Voters were asked whether they support states spending funds to conserve sage grouse habitat in order to keep the bird off the endangered species list. The results for the six states polled are: Arizona, 57% in favor of state-based sage grouse conservation, 32% opposed; Colorado, 59% in favor, 31% opposed; Montana, 54% in favor, 36% opposed; New Mexico, 59% in favor, 31% opposed; Utah, 48% in favor, 41% opposed; and Wyoming, 53% in favor, 39% opposed. In addition, the poll found that three important groups of swing voters favored the state-based approach: Latinos, 75%; younger voters, 65%; and independents, 57%.

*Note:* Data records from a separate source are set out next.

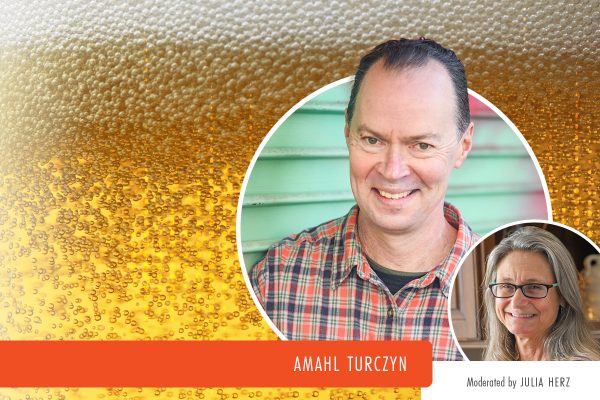 amahl turczyn and julia herz in front of beer head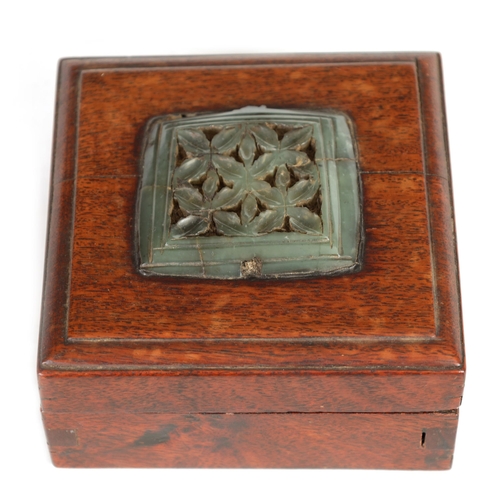 192 - AN EARLY CHINESE JADE PLAQUE MOUNTED ON LATER BOX of square form finely pierced and carved in a leaf... 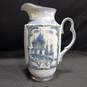 White and Blue Ceramic Pitcher w/Gold Tone Trim image number 1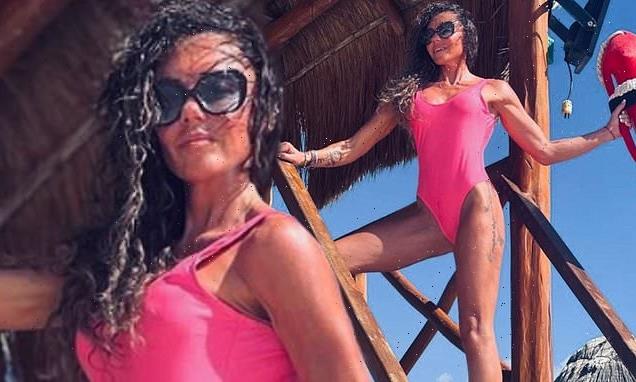 Michelle Heaton channels Pamela Anderson in a neon pink swimsuit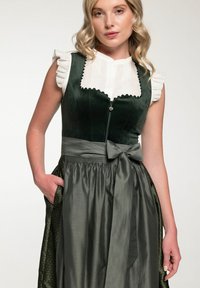 Traditional green dirndl dress with ruffled white blouse. Features a zip front, tied waist, and textured fabric with a subtle pattern.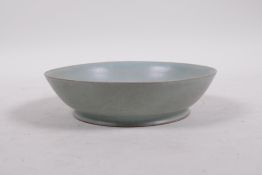 A Ru ware style celadon glazed porcelain dish, character inscription to base, Chinese origin, 5½"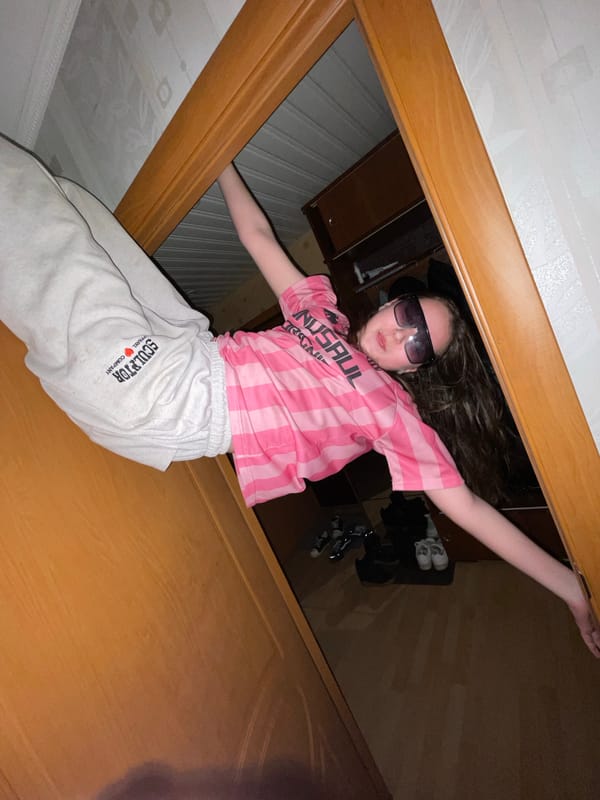 Young person photographed through wooden frame in Novoe Devyatkino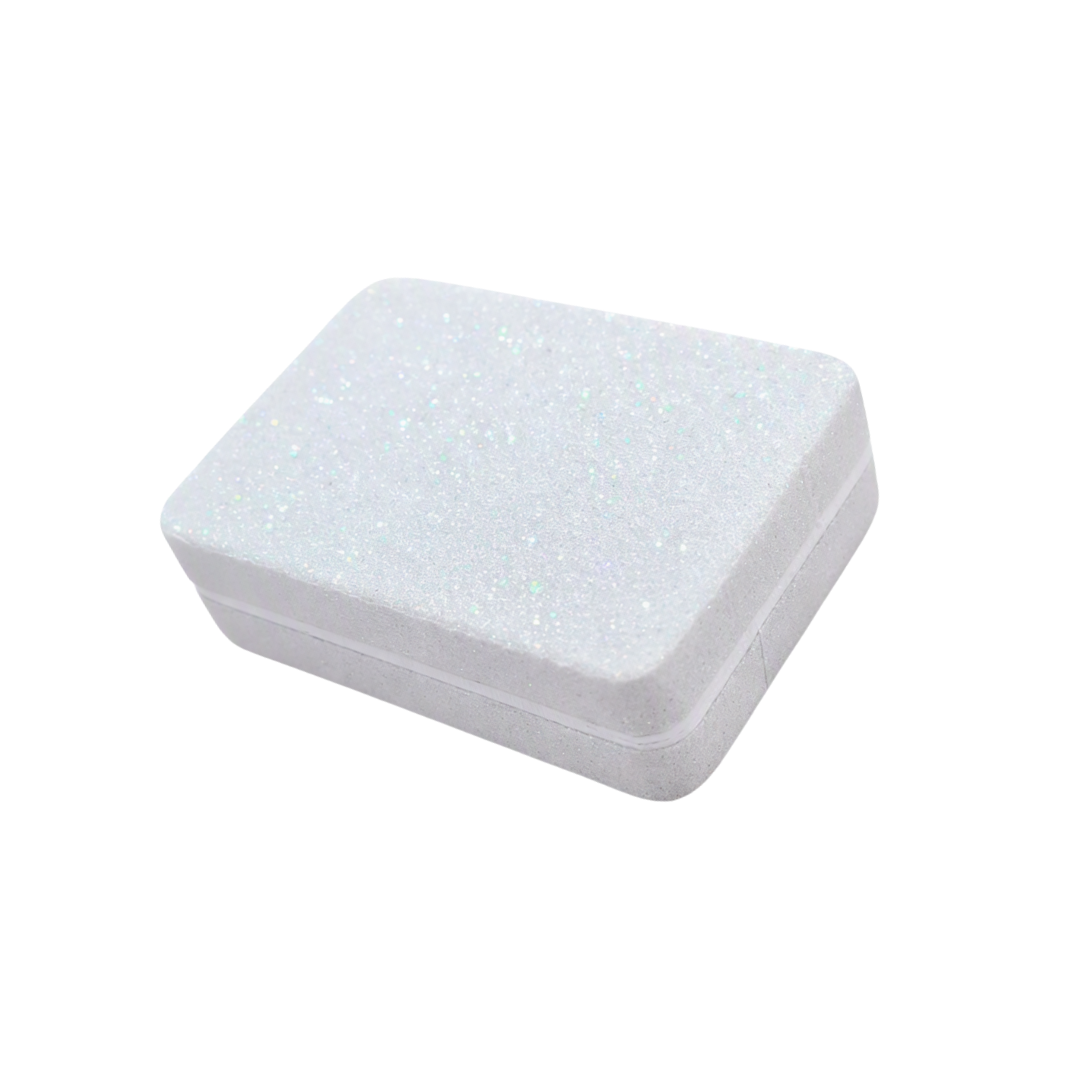 A small rectangular white foam nail sanding block with rounded corners and a subtle glittery texture, shown on a plain white background.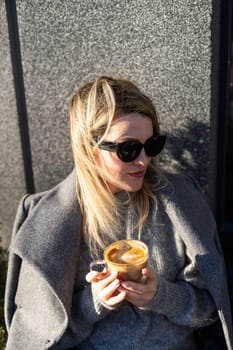 Portrait of tanned lady with cup of latte on foreground. Smiling woman in sunglasses during breakfast in cafe. High quality photo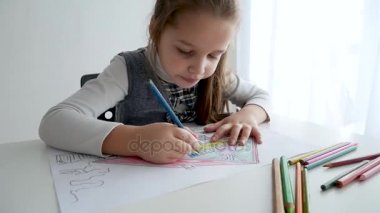 Küçük kız bir resim beyaz oda üzerinde çizim. 7 yaşında bir kağıda evde boyama ve çizim kız.
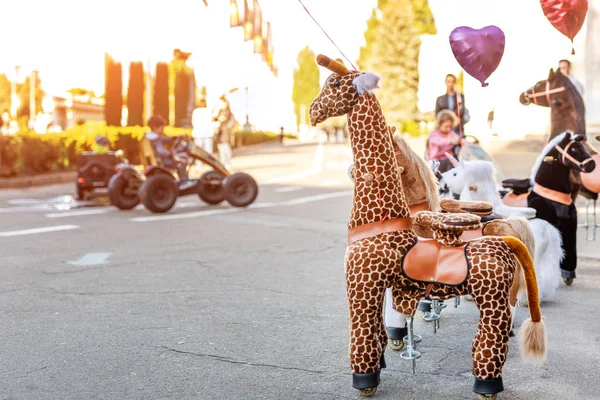 Group of large wheeled animal toys for riding. Children fun transport hire service. Recreation area in city park . Family outdoor activity. — Stock Image Group Large Wheeled Animal Toys Riding Children Fun Transport Hire Stock Photo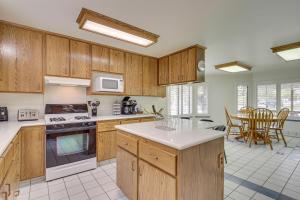 a kitchen with wooden cabinets and a table and chairs at Charming Elko Home with Pool Table! in Elko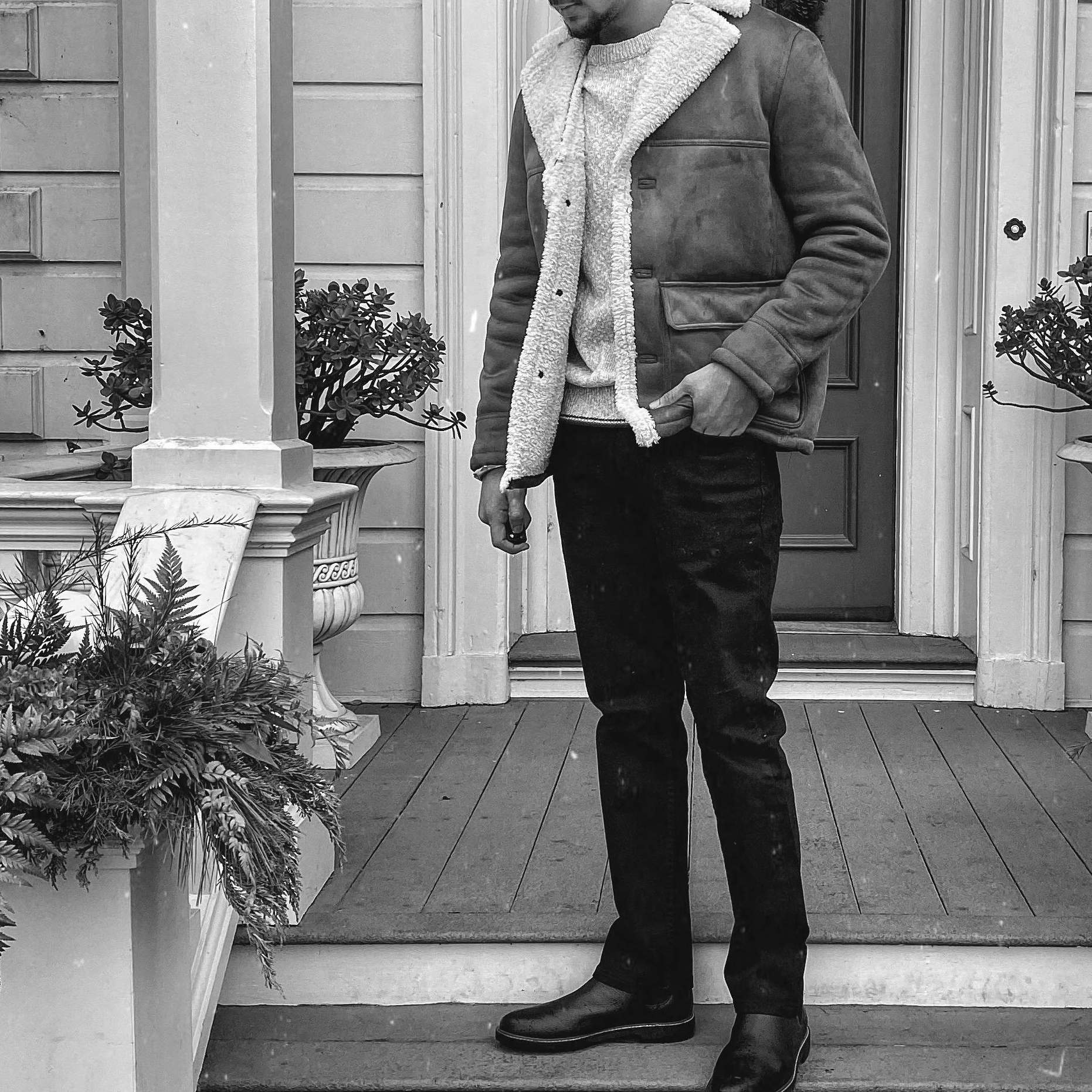 A man standing on a front porch, looking down thoughtfully | Source: Pexels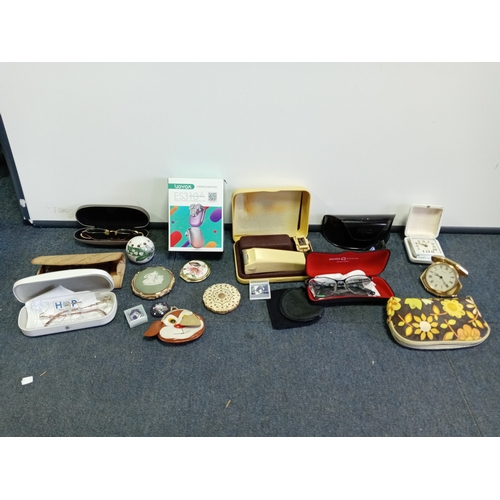 91 - A collection of Glasses & powder compacts. To include Stratton powder compacts, hair trimmers etc...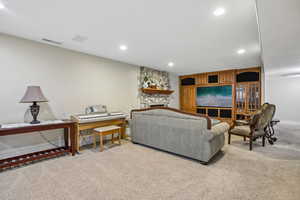 Living room featuring light colored carpet, a stone fireplace, and recessed lighting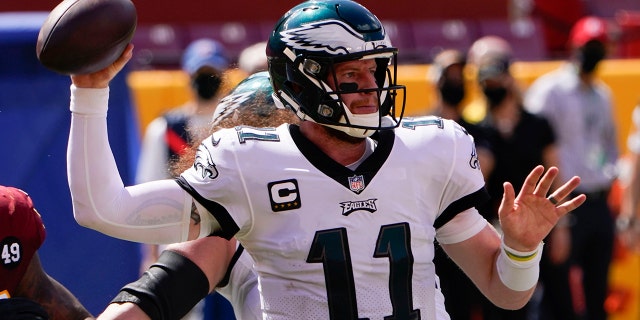 Philadelphia Eagles quarterback Carson Wentz looks to pass the ball against the Washington Football Team during the first half of an NFL football game, Sunday, Sept. 13, 2020, in Landover, Md. (AP Photo/Susan Walsh)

These results may well reflect the public’s knowledge and appreciation of the substantial investment of time, effort and funds the eleven states in the sage grouse’s range have put in to conserving the bird, most notably the robust conservation plans all these states have developed and implemented. An indication of the eleven states’ commitment to sage grouse conservation is that these plans have been in place for years, in some cases more than a decade. Some states have even gone so far as to combine a statewide conservation plan with plans for various regions within the state.
Four of the six states in the poll contain sage grouse populations, and a summary of when these states completed their plans shows their commitment to sage grouse conservation (FYI, the Public Land Council has a fantastic searchable website, called the Sage Grouse Conservation Library, that contains a wealth of information in addition to the state conservation plans, including scientific studies, legal decisions and federal documents).
Colorado: statewide plan for the greater sage grouse, 2008, supplemented and updated in 2013; five regional plans for the greater sage grouse, 1999-2008; rangewide plan for the Gunnison sage grouse subspecies (co-authored with Utah), 2005; and six regional plans for the Gunnison sage grouse, 1997-2011.
Montana: statewide plan, 2005.
Unfortunately, some environmental pressure groups are in favor of listing the sage grouse under the Endangered Species Act because they think the Act will help conserve the bird. Yet in reality, the Act would in all likelihood be detrimental to the sage grouse. Listing would alienate private landowners, who are crucial to implementing conservation efforts, and undercut states’ increasingly successful conservation programs. Sage grouse conservation occurs on the ground in rural regions far from the urban centers where those in favor of listing the bird under the Endangered Species Act often live. Fortunately, it looks like voters in western states understand the importance of states’ role conserving the sage grouse and keeping it off the endangered species list. Let’s hope the federal government gets the message.